Da Duce, paese nei pressi di Spalato, guidavamo verso la Grotticella per la Messa, dovevamo essere lì alle nove. La Messa si sarebbe svolta all’aperto. Una celebrazione meravigliosa. Capivo il croato ricordando i passaggi della Messa in italiano e quindi riuscivo a seguire addirittura la celebrazione. ( La Fede dei croati è eccezionale).
Bene. A quel punto, di Domenica mattina, ci siamo rimessi in macchina. Avevamo intenzione di attraversare la costa in lungo fino a quando ce l’avremmo fatta. Era l’ultimo giorno.
Ci fermiamo per il caffè. Ci rendiamo conto, o meglio mio fratello si rende conto che, facendo sempre da navigatore, per arrivare là dove volevamo, dovevamo attraversare un tratto di strada che era effettivamente territorio bosniaco. Come poteva essere possibile se le frontiere erano chiuse? Ragionandoci su, ovviamente, capimmo che avrebbero potuto esserlo solo per il transito. Cioè, per poter passare rimanendo in concetto di Croazia. Era impossibile anche che la Bosnia potesse tener chiuso un tratto di strada che le appartiene spaccando in due una Nazione.
Ok, questa era la situazione. Memori dalla fresca esperienza del Mercoledì che ci aveva visti ritornare indietro con la coda fra le gambe; respinti, annichiliti, ci prospettavamo il peggio. Non ci avrebbero lasciati passare nemmeno per il transito, oppure si?!… Rientriamo in auto e ci avventuriamo a risolvere questo dilemma.

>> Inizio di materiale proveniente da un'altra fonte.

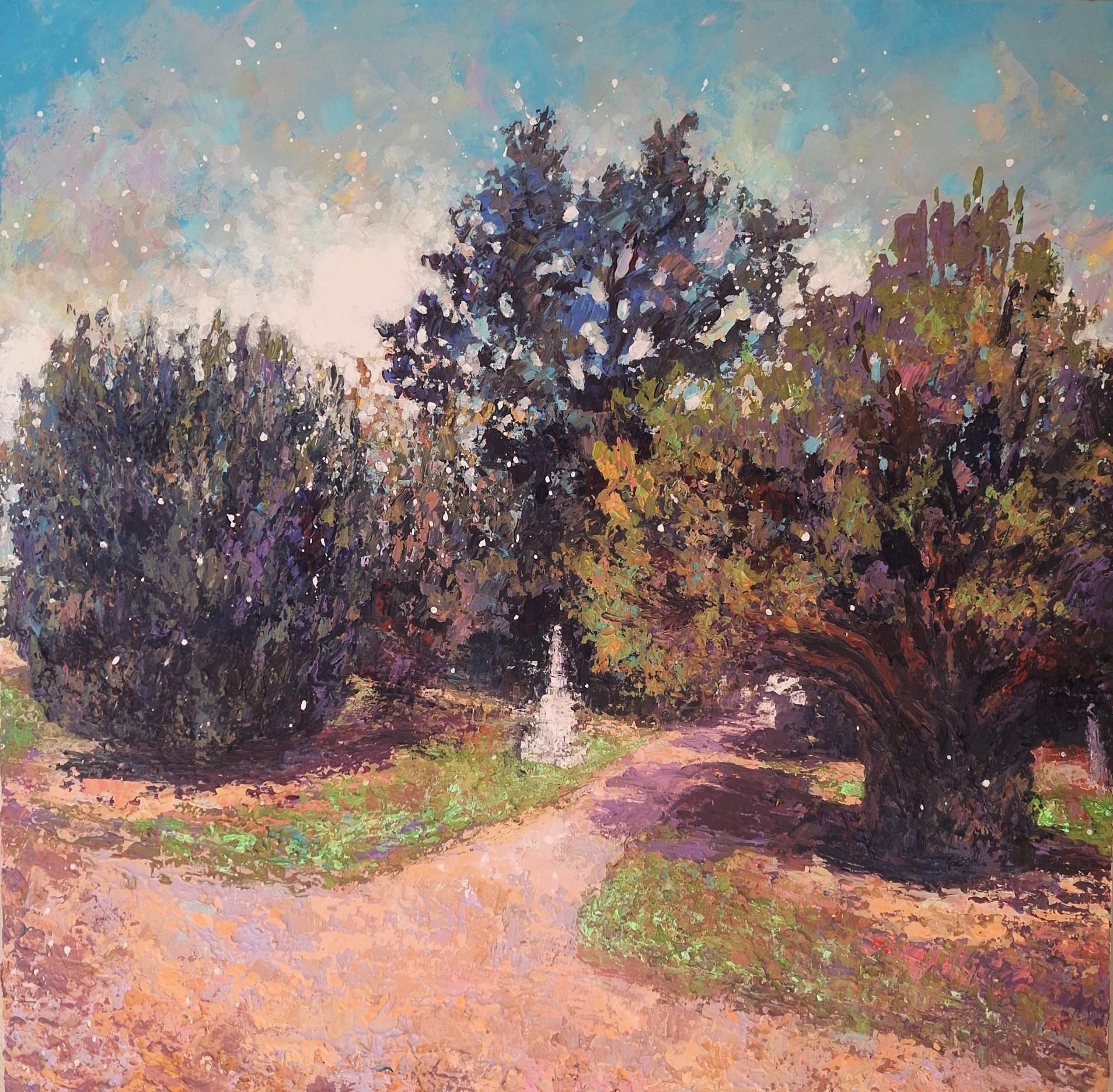 Peinture représentant quatre ifs autour d’un mémorial au parc Bel-Ébat. Œuvre de Joss Blanchard.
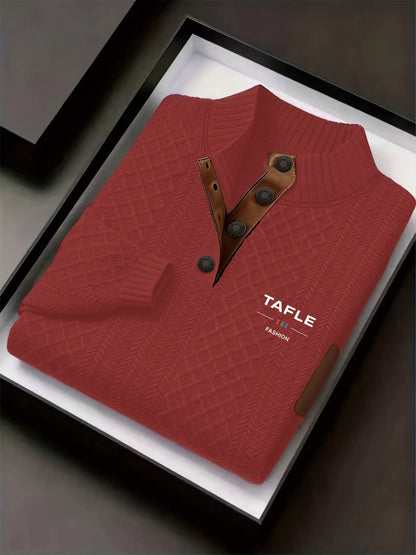 Milan High-Quality New Luxury Men'S Stand-Up Collar Jacquard Knitted Sweater, Casual Long-Sleeve Jacquard Golf Shirt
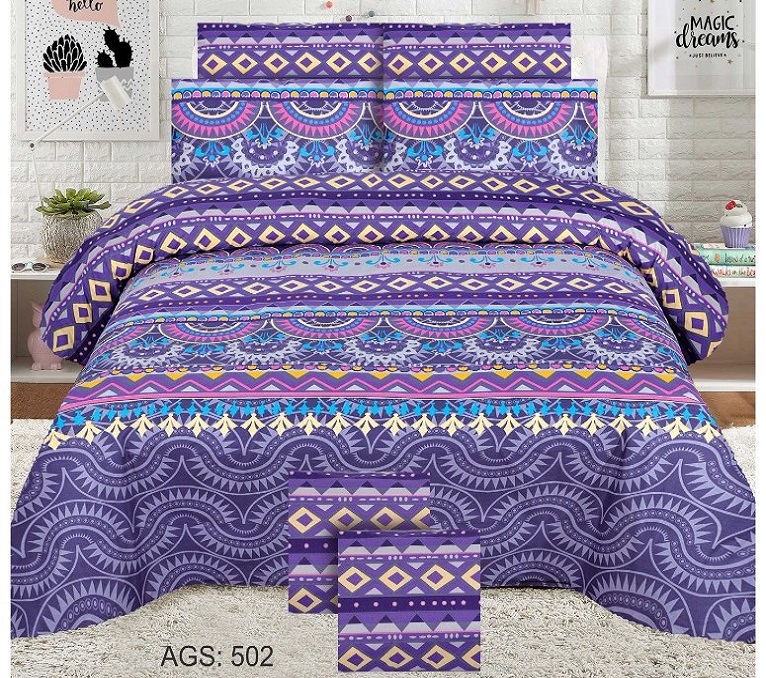 Purple White Printed Comforter Set ( 6 PCS – 8 PCS )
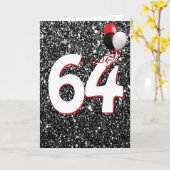 64誕生日バルーンの黒グリッターカード カード (黄色い花)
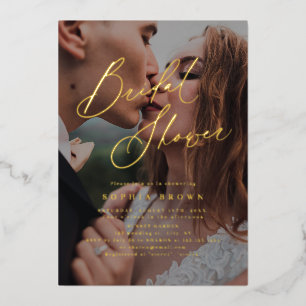 Gold elegant script minimal photo bridal shower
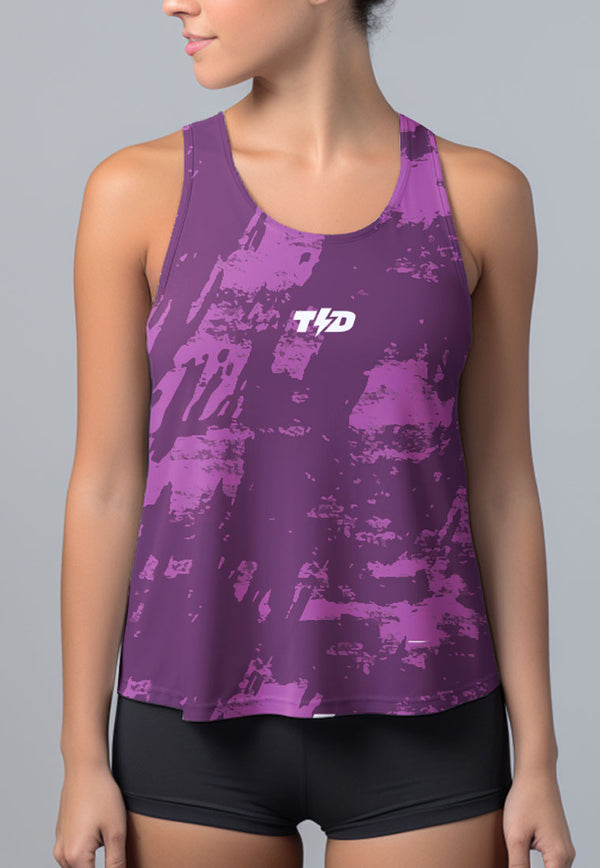 LSD61 Tanktop Crop Gym Running "purple pink Brush abstrak" superairdrylite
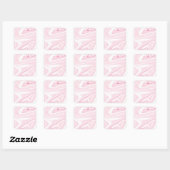 Retro Vloeibare Swirl Roze Schilderen Esthetisch Vierkante Sticker (Vel)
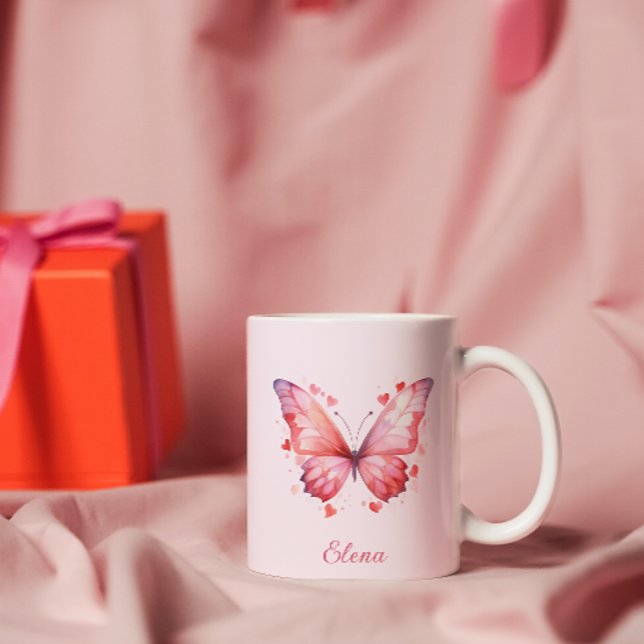 Taza De Café Amor a la mariposa | Feminina | Nombre personaliza (Subido por el creador)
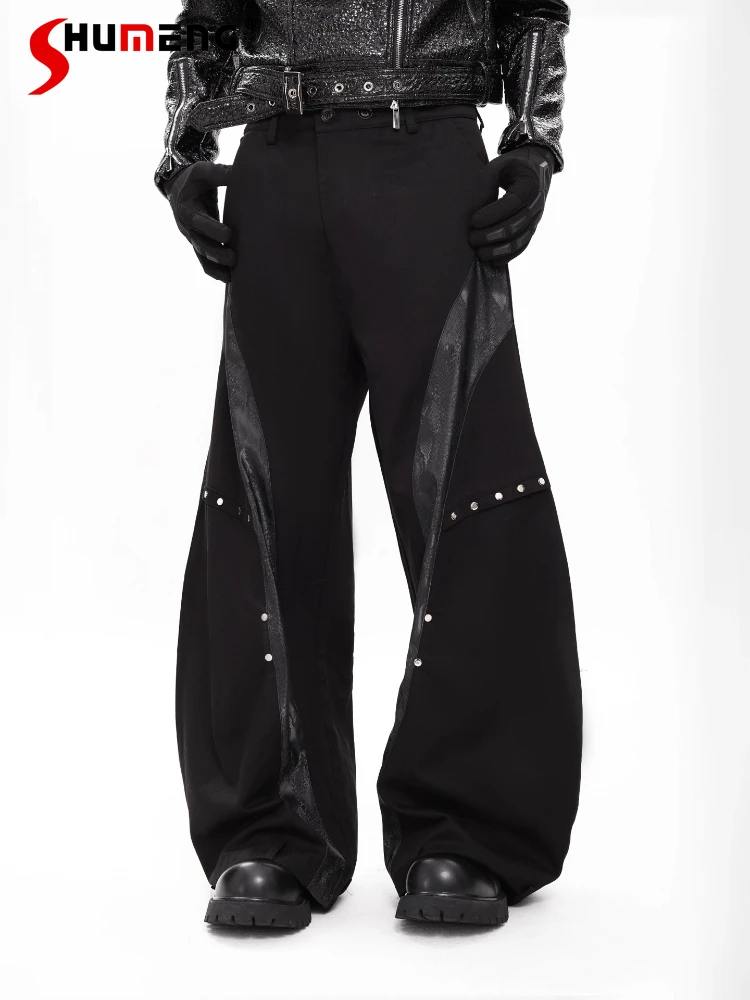 

Fashion Men's 2025 Autumn New Snake Pattern Curved Pants Men's Straight Design Suit Pants Male Handsome Loose Comfort Trousers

Uno scenario simile, già visto, la frontiera… la cabina per il controllo documenti. L’auto davanti, targa Ceca, presenta i propri, vengono letti e passa. Tocca a noi. Avremmo dichiarato di essere in transito, ovvio, era la verità. Il poliziotto ci guarda, nemmeno ci fa aprire bocca. Rimaniamo coi documenti in mano pronti per esser consegnati mentre lui già ci indica di proseguire in maniera distratta. Ok, a quel punto uno pensa che quello, nella sua posizione, ogni giorno vede gente passare per il transito… i soliti turisti. Mille, forse due mila al giorno. Chi poteva sapere quanti ne aveva visti prima di noi. Premesso, passaporti italiani con residenza in Germania… assolutamente vietato entrare in Bosnia. Non eravamo stati nemmeno registrati, segnalati, nulla rispetto alla normale amministrazione. Il poliziotto non aveva controllato nulla. Stavamo diventando invisibili. Davanti al poliziotto, e alla sua disinvoltura, rimanemmo a bocca aperta. ERAVAMO IN BOSNIA.
Siamo in Bosnia. Eh che facciamo?”
L’idea convogliò parallelamente nelle nostre menti… menare direttamente per Medjugorie senza chiacchiere. Mio fratello che, alla fine aveva organizzato tutto con la stessa tenacia per venire incontro alle mie esigenze, organizza la tappa. “ È n’ammazzata!” Dice. E io, “ ho fatto di peggio!” Ci guardiamo un secondo in faccia e ci capiamo. Eravamo in Bosnia ma non potevamo cantar vittoria. Potevamo però, lentamente, renderci conto che saremmo stati gli unici, in tutto il mondo non confinante direttamente, ad arrivarci. Una vera impresa!
Certo un privilegio, qualora ci fosse riuscita, di essere invitati da Maria Santissima a casa Sua!?… Sembrava un sogno. Ma, a Medjugorie, dovevamo arrivarci, prima di poterlo dire. Più ci ragionavamo su e più ci rendevamo conto di quanto assurda appariva la situazione. “ Se la Madonna ha deciso… “ ripetevo. E lui, mio fratello; “ Lo hai ripetuto tutto il tempo che Domenica saremmo stati a Medjugorie!… come caspita… ?!”
Non me lo aveva detto nessuno, ma per me era semplice, ora, ripensandoci; io mi ero arreso, sabato sera. In quel momento, secondo me, ha preso in mano la situazione la Madonna e ora capiremo il perché magari…
…Più ci avvicinavamo, trepidanti a ogni incontro con la polizia, a ogni lavoro in corso che poteva sembrare un posto di blocco e più accresceva la mia emozione. Proseguendo tutto filava liscio, davvero pensai all’invisibilità. Non ci considerava nessuno. Forse eravamo noi a sentirci, in effetti, fuori luogo e clandestini ma intanto guidavamo. Il Suo eco, ora che eravamo sempre più vicini, sempre più risonante. Più ci avvicinavamo e più ricordavo cosa significasse andarci. Era un sogno, stavo vivendo un sogno. L’auto andava da sola. Nessunissimo impedimento. Al primo cartello che indicava la meta, non potrei mai esprimere la gioia che provai. Ero sempre più consapevole che Lei ci stava guidando e proteggendo.